# List of all option codes...



## Mr R (Mar 1, 2015)

I was playing around with the Audi Configurator, since they've finally got round to updating the UK system with the new Responsive web templates. Behind the scenes its possible to see every possible configuration/factory code, and there's some interesting ones in there...

Anyone after their car quickly could maybe try asking their dealer to include:

"Express vehicles, urgent shipment","id":"A04"  8)

I can't paste the full list into a message as its too long, but they're attached in a PDF.


----------



## Toshiba (Jul 8, 2004)

here you go..
http://vag-codes.info/files/options/vag ... -codes.pdf


----------



## Mr R (Mar 1, 2015)

My list is only for the TT.


----------



## Dreams1966 (Oct 27, 2014)

Mr R said:


> I was playing around with the Audi Configurator, since they've finally got round to updating the UK system with the new Responsive web templates.

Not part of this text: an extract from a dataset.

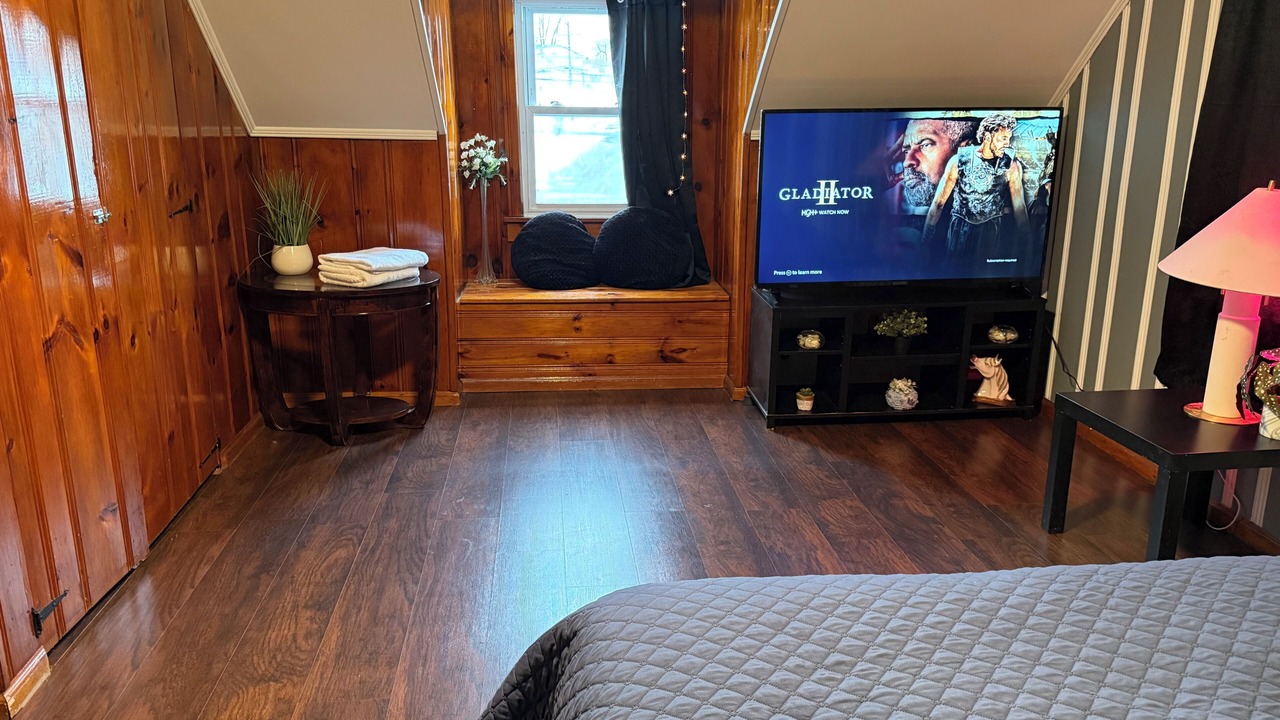 Photo of Bedroom in Alden Manor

Behind the scenes its possible to see every possible configuration/factory code, and there's some interesting ones in there...
> 
> Anyone after their car quickly could maybe try asking their dealer to include:
> 
> ...


Good work... it'd be great to sneak some of those onto the Audi-system pre-build


----------



## ZephyR2 (Feb 20, 2013)

Toshiba said:


> here you go..
> http://vag-codes.info/files/options/vag ... -codes.pdf


"0GA AGM - Without special emission standard". Is this the one that got VAG in trouble? :lol:


----------



## noname (Aug 20, 2015)

Yes was an optional ahahah


----------